Musically the programme notes compare this to the ‘nativity oratorio’ El Niño by Adams, which I have not seen, but much of Act I and parts of Act II reminded me his rather beautiful previous opera A Flowering Tree, which takes inspiration from Indian folktales. A dramatic difference occurred at the start of Act II involving the crucifixion, where the chorus pounded out their lines as if in Peter Grimes, but matters soon reverted to the gentle undulation of harmonies that are a mark of Adams’ work.
Slow movements on stage, interspersed with occasional lively action by the Angel Gabriel, were complemented by superb lighting from James F Ingalls, predominantly in yellow representing perhaps the desert of the southwest USA, or even the Middle East. The chorus, sometimes on stage, sometimes behind a transparent backdrop, contributed words and movement, and Adams has created this work as if he were an artist from the mid-1970s portraying the Passion of Christ with additional more prosaic material from his own time.

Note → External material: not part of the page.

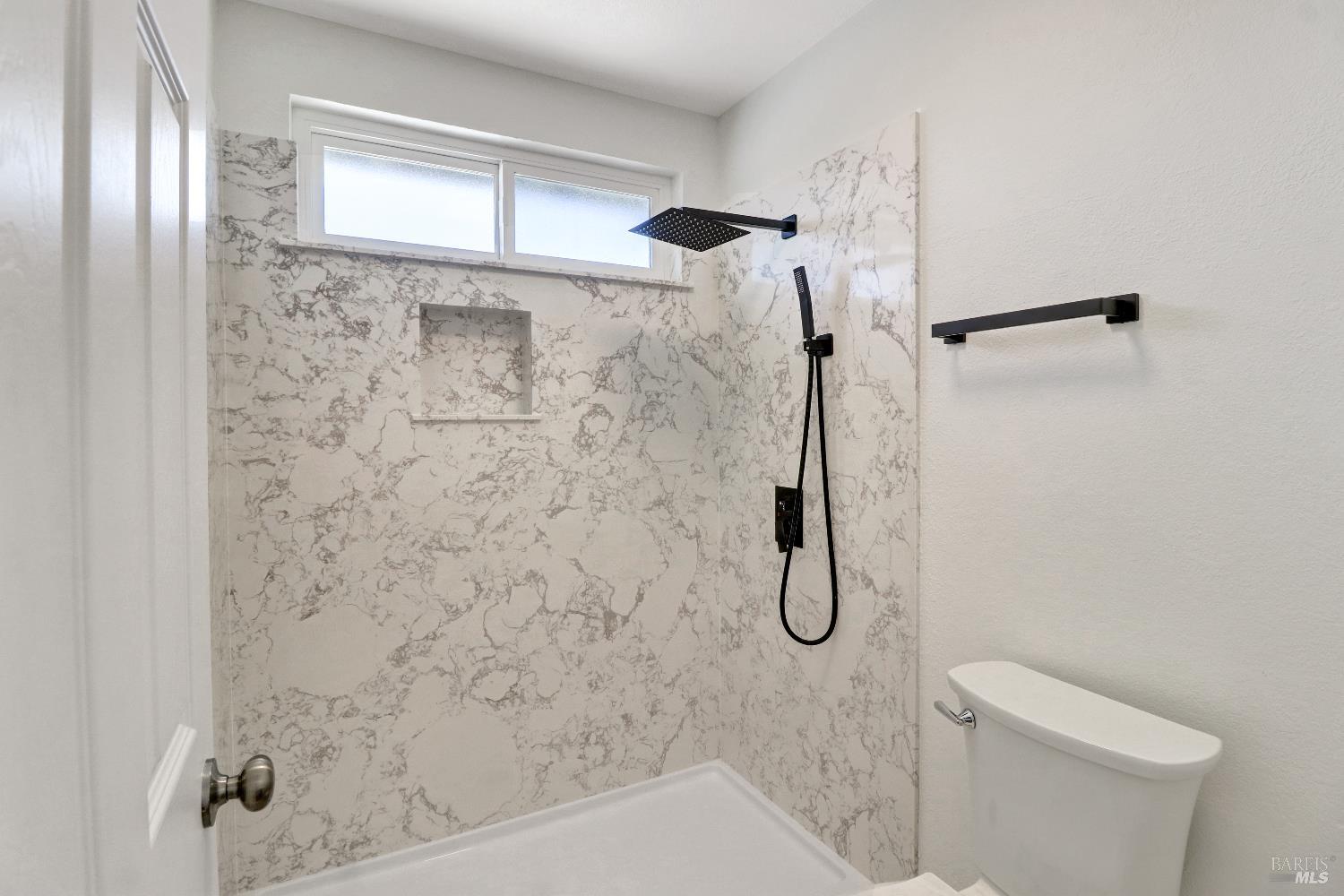 Detail Gallery Image 13 of 29 For 181 Belvedere Ct, Vallejo,  CA 94589 - 4 Beds | 3 Baths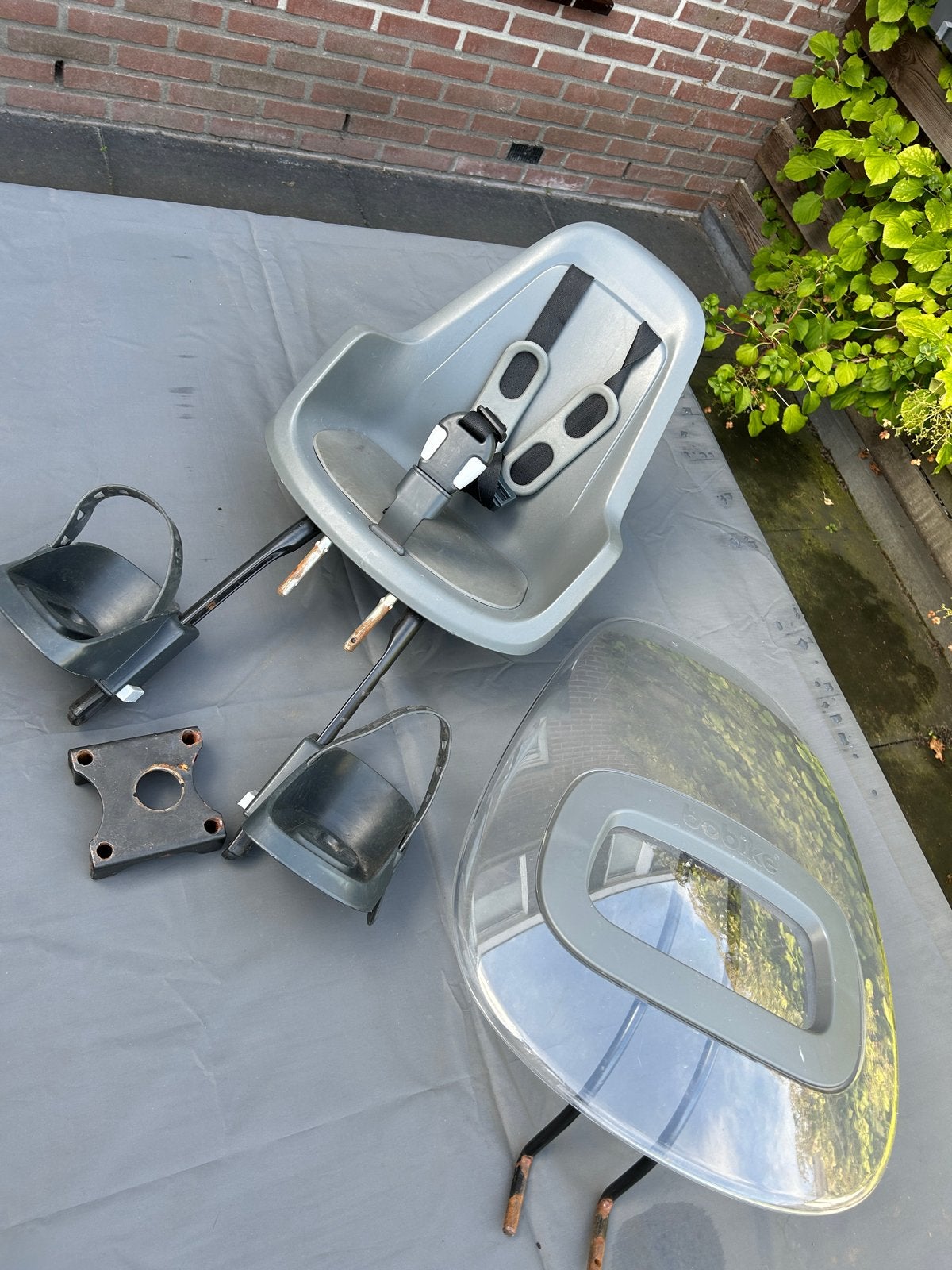 Bobike GO mini fietszitje met windscherm en slotje, Ophalen, Gebruikt, Voorzitje, Voetsteuntjes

For those seeing Jesus as a political figure who would have taken the side of Chávez against the Teamsters this will doubtless resonate, and Adams and Sellars have wisely produced it in Europe, in a collaboration between the ENO, Theater Bonn and The Royal Swedish Opera, rather than in the USA. But the political message emphasised by Mexican costume designs and occasional choral singing in Spanish (as well as English and Latin) slightly gets in the way of what is otherwise a meditation on the family of Lazarus, the death of Christ, and finally the idea of rebirth in springtime to the gentle sound of frogs over the loud speakers.